Before we try this, an easy way to see every asset that's available is via:

php bin/console debug:asset

Very simply: this looks through all of your mapped paths - just assets/ for us - finds every file then lists them with their logical path. So I can be lazy and copy that, paste it here.... and done.

Now, when we try this, it doesn't work! The asset() function is still its own component, so let's get that installed:

composer require symfony/asset

And now.... cool logo!

Instant Asset Versioning

To see the really neat thing, inspect the image and look at the filename. It's /assets/images/logo- and then this long hash. This hash comes from the file's contents. If we updated logo.png, it would automatically generate a new hash. And that is super important for two, related, reasons. First, because when we deploy, the new filename will bust the browser cache for our users so that they see the new file immediately. And second, because of this, we can configure our production web server to serve all the assets with long-lived Expiration headers. That maximizes that caching & performance.

Serving Assets in Dev vs Prod

Now in the dev environment, there is no physical file with this filename. Instead, the request for this asset is processed through Symfony and intercepted by a core listener. That listener looks at the URL, finds the matching logo.png inside the assets/images/ directory and returns it.

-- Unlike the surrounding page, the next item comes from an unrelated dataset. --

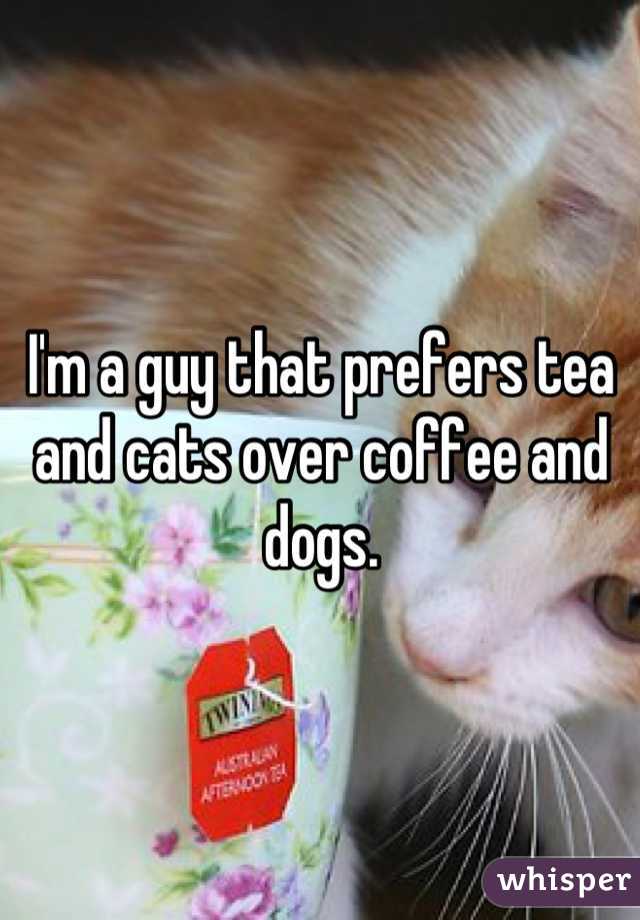 I'm a guy that prefers tea and cats over coffee and dogs.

But on production, that's not fast enough. So, when you deploy, you'll run:

php bin/console asset-map:compile

Very simply: this writes all the files into the public/assets/ directory. Look: in public/assets/, we now have real, physical files! So when I go over and refresh, this file isn't being processed by Symfony, it's loading one of those real files.

Now, if you ever run this command locally, make sure to delete that directory after... so it stops using the compiled versions:

rm -rf public/assets/

Wow! Day 2 is already done! We now have a way to serve images, CSS or any file publicly with automatic file versioning. The second part of AssetMapper is all about JavaScript modules. And that's tomorrow's topic.